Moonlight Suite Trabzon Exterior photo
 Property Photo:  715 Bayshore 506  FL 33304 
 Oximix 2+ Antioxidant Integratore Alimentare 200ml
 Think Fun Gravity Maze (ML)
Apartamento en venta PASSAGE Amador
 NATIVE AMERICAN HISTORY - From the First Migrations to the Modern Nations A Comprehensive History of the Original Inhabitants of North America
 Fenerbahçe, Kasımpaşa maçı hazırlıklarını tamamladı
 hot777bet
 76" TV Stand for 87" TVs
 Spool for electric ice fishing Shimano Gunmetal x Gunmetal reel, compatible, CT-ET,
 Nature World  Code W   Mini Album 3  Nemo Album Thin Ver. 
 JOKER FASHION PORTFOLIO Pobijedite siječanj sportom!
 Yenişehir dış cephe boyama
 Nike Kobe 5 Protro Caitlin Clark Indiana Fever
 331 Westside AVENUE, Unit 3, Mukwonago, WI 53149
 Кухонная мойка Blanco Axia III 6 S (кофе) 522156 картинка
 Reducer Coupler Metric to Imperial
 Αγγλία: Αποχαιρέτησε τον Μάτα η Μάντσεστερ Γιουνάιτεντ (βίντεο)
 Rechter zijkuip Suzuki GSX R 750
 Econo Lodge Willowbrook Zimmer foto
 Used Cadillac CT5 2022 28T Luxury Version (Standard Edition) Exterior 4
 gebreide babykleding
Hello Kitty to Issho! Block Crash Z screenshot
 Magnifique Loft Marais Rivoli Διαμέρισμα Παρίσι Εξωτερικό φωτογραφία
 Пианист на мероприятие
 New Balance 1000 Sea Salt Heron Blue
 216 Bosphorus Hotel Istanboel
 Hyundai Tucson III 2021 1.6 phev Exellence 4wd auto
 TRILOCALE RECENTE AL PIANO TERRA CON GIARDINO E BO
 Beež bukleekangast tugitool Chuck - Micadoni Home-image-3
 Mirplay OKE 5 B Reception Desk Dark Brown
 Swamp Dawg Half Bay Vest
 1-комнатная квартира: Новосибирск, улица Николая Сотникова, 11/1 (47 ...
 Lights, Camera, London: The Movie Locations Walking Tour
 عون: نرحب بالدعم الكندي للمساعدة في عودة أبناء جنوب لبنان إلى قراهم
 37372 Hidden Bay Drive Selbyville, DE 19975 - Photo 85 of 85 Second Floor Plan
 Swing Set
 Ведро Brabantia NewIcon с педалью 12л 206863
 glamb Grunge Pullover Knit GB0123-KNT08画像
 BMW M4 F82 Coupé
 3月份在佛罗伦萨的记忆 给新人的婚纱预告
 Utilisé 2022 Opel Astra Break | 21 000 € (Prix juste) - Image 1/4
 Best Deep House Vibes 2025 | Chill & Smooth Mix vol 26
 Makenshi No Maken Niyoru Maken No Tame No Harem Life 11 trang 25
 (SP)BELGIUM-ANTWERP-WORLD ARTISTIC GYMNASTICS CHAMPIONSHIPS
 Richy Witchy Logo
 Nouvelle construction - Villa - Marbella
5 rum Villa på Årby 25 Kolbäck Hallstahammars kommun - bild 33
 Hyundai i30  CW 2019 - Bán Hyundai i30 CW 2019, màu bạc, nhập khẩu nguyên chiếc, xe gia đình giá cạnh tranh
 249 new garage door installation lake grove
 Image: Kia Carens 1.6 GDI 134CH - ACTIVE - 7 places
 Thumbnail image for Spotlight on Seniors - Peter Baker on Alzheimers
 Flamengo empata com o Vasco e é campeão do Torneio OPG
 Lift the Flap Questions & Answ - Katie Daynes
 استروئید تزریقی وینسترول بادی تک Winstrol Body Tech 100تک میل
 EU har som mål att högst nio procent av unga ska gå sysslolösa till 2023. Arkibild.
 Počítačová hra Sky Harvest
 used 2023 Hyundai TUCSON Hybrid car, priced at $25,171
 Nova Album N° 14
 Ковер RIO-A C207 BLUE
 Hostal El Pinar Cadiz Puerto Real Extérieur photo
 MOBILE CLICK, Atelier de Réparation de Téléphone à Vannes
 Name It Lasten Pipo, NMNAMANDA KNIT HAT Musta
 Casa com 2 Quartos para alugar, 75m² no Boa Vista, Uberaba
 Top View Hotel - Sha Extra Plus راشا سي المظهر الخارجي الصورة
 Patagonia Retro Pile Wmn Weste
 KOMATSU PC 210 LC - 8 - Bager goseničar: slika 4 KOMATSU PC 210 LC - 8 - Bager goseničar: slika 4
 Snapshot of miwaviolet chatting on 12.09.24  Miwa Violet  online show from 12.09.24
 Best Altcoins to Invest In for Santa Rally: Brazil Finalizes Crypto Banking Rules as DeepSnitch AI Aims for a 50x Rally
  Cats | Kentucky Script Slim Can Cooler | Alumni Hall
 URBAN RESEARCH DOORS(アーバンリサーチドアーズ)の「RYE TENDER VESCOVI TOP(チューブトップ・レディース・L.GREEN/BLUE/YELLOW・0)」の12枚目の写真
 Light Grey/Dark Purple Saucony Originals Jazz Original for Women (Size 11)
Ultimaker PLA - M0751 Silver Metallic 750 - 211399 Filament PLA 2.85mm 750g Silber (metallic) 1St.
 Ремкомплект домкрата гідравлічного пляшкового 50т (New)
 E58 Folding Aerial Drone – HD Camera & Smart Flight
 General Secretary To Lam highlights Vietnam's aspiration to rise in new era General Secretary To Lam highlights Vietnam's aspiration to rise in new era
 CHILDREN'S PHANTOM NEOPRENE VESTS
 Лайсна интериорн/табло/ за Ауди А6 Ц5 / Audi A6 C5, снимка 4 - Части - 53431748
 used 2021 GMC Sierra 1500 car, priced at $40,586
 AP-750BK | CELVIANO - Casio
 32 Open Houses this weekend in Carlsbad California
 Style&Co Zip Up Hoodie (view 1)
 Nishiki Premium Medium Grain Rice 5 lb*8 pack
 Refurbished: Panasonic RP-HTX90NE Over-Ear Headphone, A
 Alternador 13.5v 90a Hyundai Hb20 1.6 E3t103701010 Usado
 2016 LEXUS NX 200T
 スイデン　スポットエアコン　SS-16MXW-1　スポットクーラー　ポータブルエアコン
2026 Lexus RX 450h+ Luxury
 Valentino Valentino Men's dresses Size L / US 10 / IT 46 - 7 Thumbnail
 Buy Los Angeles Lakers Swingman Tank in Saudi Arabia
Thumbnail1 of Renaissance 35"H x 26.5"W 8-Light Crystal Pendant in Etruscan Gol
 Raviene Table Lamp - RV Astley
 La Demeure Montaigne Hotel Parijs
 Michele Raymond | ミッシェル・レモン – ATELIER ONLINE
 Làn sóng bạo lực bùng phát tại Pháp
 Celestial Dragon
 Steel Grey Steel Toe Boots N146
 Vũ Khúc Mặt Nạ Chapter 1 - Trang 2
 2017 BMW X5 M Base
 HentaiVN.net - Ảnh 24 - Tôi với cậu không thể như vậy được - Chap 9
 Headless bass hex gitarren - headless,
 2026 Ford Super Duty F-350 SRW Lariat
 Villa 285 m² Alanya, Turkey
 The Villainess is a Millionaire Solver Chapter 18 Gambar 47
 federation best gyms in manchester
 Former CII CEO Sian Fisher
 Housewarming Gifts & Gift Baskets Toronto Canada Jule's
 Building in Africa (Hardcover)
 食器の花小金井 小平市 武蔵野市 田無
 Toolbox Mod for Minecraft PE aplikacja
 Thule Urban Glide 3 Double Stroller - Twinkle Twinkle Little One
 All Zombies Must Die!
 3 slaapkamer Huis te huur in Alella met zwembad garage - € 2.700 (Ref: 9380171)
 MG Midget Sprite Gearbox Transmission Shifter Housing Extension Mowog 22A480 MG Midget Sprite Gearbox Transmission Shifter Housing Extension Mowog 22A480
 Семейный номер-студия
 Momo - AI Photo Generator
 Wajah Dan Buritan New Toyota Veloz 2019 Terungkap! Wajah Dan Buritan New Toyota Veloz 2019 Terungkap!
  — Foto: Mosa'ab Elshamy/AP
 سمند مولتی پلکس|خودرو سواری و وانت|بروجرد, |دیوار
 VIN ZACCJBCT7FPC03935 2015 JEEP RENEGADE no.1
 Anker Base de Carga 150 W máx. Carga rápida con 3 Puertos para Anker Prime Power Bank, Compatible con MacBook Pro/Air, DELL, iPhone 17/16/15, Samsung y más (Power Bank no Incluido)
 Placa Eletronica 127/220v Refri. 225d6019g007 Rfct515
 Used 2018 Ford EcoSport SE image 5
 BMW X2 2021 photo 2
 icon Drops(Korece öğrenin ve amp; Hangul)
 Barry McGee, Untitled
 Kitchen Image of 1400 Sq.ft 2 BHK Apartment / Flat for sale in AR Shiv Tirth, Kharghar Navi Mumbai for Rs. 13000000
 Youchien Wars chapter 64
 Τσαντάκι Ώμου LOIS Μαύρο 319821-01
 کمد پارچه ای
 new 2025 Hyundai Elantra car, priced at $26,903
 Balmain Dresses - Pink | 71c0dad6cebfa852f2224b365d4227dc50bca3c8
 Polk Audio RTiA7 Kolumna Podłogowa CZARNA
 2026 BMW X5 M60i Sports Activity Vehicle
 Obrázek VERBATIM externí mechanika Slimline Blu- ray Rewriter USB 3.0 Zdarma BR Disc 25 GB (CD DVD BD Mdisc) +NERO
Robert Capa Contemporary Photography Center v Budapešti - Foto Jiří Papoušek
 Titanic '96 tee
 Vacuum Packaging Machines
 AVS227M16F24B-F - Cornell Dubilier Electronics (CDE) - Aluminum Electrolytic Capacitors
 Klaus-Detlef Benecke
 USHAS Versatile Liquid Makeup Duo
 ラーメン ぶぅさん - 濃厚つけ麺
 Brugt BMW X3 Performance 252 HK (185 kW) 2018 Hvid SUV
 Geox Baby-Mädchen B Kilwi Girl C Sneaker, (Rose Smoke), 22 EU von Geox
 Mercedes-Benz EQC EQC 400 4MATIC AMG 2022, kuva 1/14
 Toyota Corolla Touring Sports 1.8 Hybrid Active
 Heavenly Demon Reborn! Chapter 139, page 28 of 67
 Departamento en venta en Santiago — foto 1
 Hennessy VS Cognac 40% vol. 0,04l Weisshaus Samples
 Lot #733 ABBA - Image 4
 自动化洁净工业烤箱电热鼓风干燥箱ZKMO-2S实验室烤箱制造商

#### PROBLEM REQUIREMENTS:
Once you have gone through the listing, state the number of lines holding the word "Ford" and nothing else.

#### TASK RESPONSE:
2